However, the Communist eventually adopted a narrower interpretation of self-determination and began to consider it to mean self-government within a single federated Chinese state. This was made clear in a July 1944 interview with Gunther Stein in which Mao stated:
Outer Mongolia is part of China. But it is a nation… [and] all nationalities should have equal and fraternal relationship under a united government of all. China must first recognize Outer Mongolia as a national entity. Then organize a sort of United States of China to meet their aspirations. We believe they will come to join.
The same is true concerning Tibet…. The Mohammedans should also be given a chance to form their state. (United States Senate 1970:982; Stein 1945:244-45, 442-43)
The notion of self-determination evolved to mean autonomy a united China.
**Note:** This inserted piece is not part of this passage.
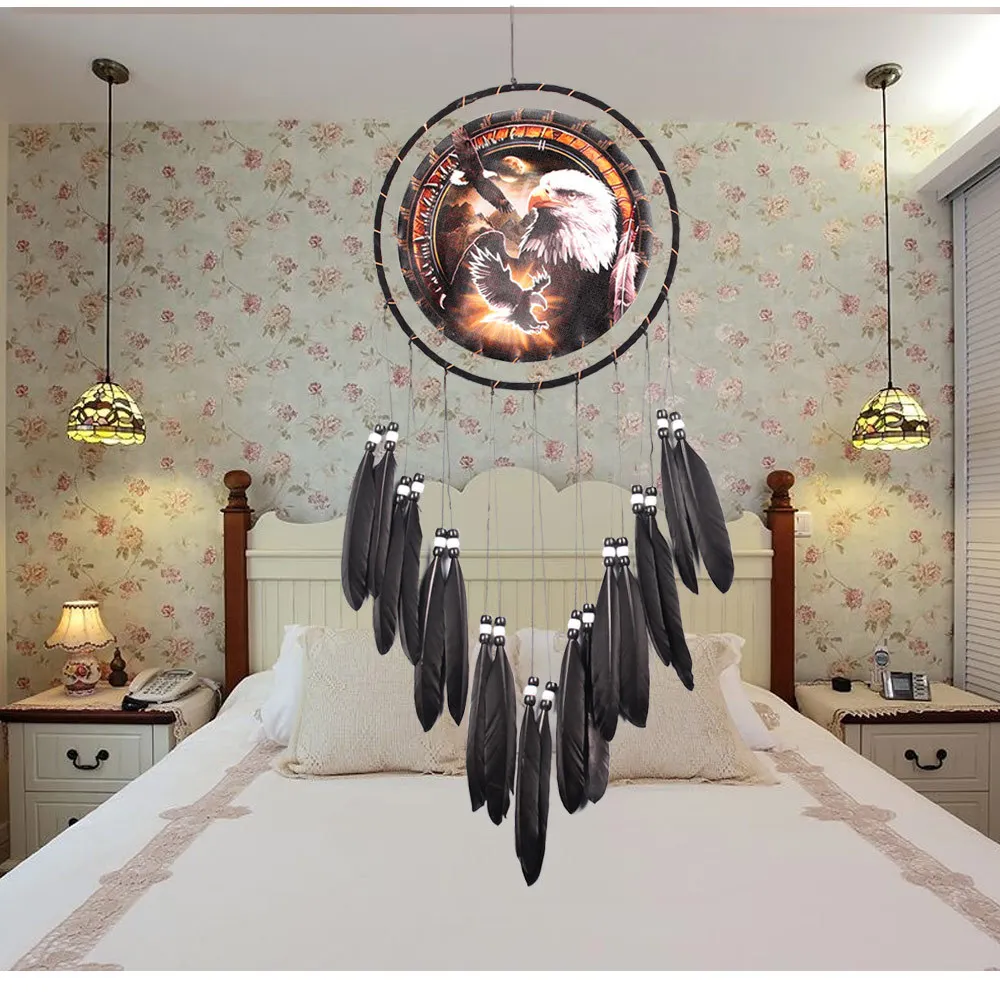 MS6836 New Products Eagle Oil Painting Black Feather Dreamcatcher Furniture Decorative Crafts Wall Decoration Wall Hangers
When the CCP came to power in 1949, it did not establish a federated state, as it had called for previously, but declared that China was a “united nation of multiple nationalities.” This policy, they argued, was the “outgrowth of the historical development of the past several thousand years” (Weng 1950:6; Hudson 1960:53-54). The Chinese People’s Political Consultative Conference, convened on September 29, 1949, drafted the Common Programme establishing the policies of the People’s Republic of China. There was no mention of the right of national self-determination. Instead, China was characterized as a “big fraternal and co-operative family composed of all nationalities” (Hinton 1980:55). The constitution drafted at the First National People Congress, did not consider secession a legitimate right, and frontier regions inhabited by non-Chinese were considered “inalienable part of the People’s Republic of China” (Documents of the First Session 1955: Article 3, chapter 1). The “Programme for Enforcement of National Regional Autonomy” provided for the establishment of autonomous region, but stated that “all national autonomous districts shall be an inseparable part of the territory of the People’s Republic of China” (Survey of China Mainland Press 394 August 1952:9).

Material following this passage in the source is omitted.